The are however, some early season structural fissures that must be addressed. If not they are likely to derail this Knick championship aspirations. Elite teams must be able to produce offensive in variety of ways. The Knicks love affair with long-distance dialing has undermined many a team. Right now the Knicks are taking-and making three-point shots. They are averaging 33.2 points in the paint. Only the Wizards are worse. Nearly 35 percent of their points are from downtown-first in NBA. As troubling, they are only 18th in the NBA in 4th quarter points with 23.1. Now factor they are 25th in free throws attempted,28th in percentage of points from from free throw line, 25th in assists( and this is with better ball movement), and 28th in rebounding a disturbing pattern emerges. Simply put , you will NOT win an NBA championship like this. The Knicks must stop relying on the three-ball and attack the basket more. For starter, Carmelo is  not finishing like is should. He is only shooting 52.5 percent at the rim, and 26.3 percent from 3 to 9 feet-both career lows. While he is shooting a stellar 46.2 percent form long 2's ( his best ever), he is only dishing 2.1 dimes with an abysmal 0.6 percent leading to shoots at the rim.

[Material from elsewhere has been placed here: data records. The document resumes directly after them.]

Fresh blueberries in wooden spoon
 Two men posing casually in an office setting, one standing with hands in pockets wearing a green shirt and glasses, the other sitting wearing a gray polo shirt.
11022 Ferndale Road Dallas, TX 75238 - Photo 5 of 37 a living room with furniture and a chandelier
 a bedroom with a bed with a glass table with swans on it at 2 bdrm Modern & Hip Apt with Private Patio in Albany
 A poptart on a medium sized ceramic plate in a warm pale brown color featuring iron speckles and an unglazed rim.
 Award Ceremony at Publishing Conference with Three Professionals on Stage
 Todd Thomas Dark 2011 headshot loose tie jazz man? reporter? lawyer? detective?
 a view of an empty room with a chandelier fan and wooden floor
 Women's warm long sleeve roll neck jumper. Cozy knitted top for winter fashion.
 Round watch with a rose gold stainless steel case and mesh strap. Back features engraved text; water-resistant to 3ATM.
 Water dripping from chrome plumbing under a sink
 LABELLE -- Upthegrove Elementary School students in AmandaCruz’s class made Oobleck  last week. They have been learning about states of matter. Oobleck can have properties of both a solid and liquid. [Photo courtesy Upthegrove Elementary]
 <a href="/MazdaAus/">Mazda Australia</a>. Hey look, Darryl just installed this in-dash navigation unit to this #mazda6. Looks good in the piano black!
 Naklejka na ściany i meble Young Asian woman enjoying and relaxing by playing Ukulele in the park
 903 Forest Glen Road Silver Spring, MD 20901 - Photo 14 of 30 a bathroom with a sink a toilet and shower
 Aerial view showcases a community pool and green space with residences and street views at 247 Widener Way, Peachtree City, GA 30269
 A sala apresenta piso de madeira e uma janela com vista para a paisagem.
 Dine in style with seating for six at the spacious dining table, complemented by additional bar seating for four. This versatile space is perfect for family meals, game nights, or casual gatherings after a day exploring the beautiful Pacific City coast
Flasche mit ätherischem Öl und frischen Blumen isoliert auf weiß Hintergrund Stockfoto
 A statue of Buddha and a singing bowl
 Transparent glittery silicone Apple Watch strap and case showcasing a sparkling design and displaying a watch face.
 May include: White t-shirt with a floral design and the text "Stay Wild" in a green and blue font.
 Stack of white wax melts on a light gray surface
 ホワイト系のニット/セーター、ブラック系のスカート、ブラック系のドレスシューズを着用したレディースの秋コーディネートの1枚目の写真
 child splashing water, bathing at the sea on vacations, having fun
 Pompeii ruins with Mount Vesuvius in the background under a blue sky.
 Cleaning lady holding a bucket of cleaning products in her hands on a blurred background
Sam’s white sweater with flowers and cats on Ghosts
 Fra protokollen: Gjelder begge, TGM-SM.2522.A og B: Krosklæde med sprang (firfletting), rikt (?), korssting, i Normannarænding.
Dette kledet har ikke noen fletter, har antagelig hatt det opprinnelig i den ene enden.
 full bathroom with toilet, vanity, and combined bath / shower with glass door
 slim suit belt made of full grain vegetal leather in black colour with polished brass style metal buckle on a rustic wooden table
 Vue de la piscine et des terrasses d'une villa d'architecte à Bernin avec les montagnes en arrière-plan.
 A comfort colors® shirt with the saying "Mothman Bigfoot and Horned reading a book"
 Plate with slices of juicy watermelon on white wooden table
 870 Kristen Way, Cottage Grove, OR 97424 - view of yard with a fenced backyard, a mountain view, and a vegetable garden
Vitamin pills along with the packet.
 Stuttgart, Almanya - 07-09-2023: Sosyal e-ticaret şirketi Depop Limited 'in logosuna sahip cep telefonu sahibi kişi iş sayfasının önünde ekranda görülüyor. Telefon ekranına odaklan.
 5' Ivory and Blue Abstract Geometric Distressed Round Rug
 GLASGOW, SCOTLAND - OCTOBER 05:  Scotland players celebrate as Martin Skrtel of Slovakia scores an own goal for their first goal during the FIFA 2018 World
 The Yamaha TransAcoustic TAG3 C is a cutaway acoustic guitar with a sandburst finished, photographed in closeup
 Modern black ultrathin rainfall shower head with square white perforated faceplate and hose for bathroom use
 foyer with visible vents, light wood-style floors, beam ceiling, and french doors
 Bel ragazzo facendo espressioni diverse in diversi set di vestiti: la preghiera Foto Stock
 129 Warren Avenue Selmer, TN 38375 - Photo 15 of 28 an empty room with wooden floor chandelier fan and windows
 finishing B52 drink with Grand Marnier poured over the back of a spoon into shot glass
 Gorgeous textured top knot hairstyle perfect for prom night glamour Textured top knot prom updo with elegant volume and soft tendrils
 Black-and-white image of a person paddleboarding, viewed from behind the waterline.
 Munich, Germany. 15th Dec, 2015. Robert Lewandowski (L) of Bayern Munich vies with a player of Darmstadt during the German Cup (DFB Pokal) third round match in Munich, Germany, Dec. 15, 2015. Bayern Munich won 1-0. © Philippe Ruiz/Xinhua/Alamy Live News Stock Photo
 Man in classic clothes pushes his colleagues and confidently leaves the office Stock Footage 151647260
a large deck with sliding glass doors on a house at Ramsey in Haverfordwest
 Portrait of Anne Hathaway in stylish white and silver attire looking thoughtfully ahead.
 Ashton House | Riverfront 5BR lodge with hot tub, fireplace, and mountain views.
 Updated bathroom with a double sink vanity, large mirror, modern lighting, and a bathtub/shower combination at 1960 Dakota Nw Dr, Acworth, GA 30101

JR Smith is averaging the most minutes in his career 33.2, yet outside of 3-point shooting, he seldom attacks the basket. With his athleticism and handle, that is patently unacceptable. Coach Woodson must address.  that. Smith is also having trouble finishing (could be due to unfamiliarity). He is shooting a career worst 50 percent at the rim. Smith is also mired in a troubling shooting slump.He is only shooting 41 percent. Could it be the propensity of off-balance, fall-away 2's?  By  having Smith and co. attack the rim, with Melo posting-up more, you are not only getting easier, higher percentage looks, you are putting pressure on the defensive. Moreover, opposing defensive's will smarten up and start doubling Melo on the catch, the dribble, fronting him more( as Battier in the play-offs) and what is plan B? Who is the reliable second scoring option that all championships teams have? Is it Felton or Smith? Is it  Stat  or Shumpert when they get back?  Oh, and let's not forget Sheed. "Ball don't lie"  has been a net plus. But please get him on the blocks more. He should not be launching half of his shot attempts from the Queensboro bridge.

The good news is the season is still young and these issues can be addressed. Mike Woodson has proved to be a great motivator, a solid x's and o's guy, and great fit as coach. But in the NBA, it is all about adjustments and how you adjust to those adjustments. Its time coach to dial-up your inner-Red Holzman and figure this all out. Long suffering Knick fans are relying on you.